• [What to work on] Your answer should hold every line of the records below that contains the string "Pendant".

• [Data to use]
*** Begin section ***

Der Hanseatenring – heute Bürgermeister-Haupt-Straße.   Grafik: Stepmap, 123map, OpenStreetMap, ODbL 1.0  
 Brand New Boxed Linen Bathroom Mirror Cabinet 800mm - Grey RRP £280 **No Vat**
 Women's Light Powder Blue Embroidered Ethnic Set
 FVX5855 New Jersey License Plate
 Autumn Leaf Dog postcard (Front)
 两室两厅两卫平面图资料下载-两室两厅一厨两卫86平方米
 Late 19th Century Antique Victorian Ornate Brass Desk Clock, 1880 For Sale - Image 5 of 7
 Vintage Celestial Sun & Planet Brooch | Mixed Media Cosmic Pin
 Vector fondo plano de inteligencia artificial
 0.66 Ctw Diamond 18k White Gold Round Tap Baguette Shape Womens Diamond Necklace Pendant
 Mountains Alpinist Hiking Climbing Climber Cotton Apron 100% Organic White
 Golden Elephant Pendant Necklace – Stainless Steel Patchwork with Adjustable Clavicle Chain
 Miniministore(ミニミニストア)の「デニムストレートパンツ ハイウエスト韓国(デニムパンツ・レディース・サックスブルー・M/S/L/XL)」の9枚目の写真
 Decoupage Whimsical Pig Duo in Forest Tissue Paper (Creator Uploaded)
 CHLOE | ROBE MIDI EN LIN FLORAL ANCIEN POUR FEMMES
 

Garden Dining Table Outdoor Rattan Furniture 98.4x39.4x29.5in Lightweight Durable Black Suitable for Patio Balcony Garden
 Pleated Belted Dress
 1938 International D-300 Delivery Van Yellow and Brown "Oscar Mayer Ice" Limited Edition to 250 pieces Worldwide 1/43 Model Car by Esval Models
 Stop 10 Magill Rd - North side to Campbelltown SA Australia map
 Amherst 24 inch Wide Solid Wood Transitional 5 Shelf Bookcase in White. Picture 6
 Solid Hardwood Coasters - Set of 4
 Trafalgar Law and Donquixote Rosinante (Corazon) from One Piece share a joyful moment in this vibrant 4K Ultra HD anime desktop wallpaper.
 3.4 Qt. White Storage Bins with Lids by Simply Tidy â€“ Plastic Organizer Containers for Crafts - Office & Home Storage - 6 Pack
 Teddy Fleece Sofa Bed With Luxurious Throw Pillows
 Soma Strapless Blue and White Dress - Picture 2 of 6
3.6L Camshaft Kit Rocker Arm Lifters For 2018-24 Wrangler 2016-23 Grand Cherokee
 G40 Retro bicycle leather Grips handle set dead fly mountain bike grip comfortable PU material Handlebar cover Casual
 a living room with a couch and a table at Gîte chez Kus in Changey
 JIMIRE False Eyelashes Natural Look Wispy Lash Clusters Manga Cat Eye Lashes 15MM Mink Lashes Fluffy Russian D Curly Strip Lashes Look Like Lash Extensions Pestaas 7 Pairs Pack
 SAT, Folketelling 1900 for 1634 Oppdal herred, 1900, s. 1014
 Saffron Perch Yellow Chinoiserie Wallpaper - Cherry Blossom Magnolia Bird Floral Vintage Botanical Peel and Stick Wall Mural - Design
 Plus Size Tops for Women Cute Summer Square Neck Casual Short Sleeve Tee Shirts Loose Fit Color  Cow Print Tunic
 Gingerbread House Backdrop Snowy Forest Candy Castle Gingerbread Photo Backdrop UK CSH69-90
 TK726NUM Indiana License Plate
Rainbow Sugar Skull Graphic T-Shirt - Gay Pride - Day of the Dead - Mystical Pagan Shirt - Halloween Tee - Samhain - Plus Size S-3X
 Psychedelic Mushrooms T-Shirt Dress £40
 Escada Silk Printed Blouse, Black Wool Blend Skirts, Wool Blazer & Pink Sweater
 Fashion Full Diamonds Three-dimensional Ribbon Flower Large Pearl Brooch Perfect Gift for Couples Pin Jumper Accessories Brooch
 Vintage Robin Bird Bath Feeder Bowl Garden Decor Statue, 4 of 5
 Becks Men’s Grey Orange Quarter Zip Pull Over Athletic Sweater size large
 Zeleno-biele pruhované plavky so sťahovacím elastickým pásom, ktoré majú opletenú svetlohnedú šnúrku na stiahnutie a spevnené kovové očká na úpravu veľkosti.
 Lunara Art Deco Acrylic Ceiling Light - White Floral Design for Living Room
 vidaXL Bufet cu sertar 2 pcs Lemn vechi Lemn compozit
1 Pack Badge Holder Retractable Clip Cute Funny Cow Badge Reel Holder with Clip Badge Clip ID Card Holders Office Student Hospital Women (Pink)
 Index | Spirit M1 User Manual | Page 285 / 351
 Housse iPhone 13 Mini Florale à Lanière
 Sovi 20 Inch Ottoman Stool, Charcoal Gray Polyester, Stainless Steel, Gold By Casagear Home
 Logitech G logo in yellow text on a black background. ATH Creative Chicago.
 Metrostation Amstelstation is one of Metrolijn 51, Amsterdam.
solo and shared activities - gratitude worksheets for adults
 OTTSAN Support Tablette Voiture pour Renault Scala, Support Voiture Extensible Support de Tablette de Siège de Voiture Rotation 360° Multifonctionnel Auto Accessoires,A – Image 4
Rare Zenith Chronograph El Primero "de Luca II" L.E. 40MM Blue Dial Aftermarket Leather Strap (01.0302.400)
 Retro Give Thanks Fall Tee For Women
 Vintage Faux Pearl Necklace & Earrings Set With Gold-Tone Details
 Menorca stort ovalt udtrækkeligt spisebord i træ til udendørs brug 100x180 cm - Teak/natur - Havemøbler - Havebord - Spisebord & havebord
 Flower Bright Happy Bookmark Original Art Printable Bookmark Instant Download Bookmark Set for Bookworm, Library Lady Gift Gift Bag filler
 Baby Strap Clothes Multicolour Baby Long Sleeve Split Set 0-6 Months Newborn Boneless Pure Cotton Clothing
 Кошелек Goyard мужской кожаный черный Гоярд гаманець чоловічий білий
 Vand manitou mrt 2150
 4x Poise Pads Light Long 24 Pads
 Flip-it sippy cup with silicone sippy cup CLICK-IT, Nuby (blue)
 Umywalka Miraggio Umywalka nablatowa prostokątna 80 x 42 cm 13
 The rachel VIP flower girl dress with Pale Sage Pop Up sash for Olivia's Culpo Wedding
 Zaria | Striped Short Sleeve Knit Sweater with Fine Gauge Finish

*** End section ***

• [Reply]
 0.66 Ctw Diamond 18k White Gold Round Tap Baguette Shape Womens Diamond Necklace Pendant
 Golden Elephant Pendant Necklace – Stainless Steel Patchwork with Adjustable Clavicle Chain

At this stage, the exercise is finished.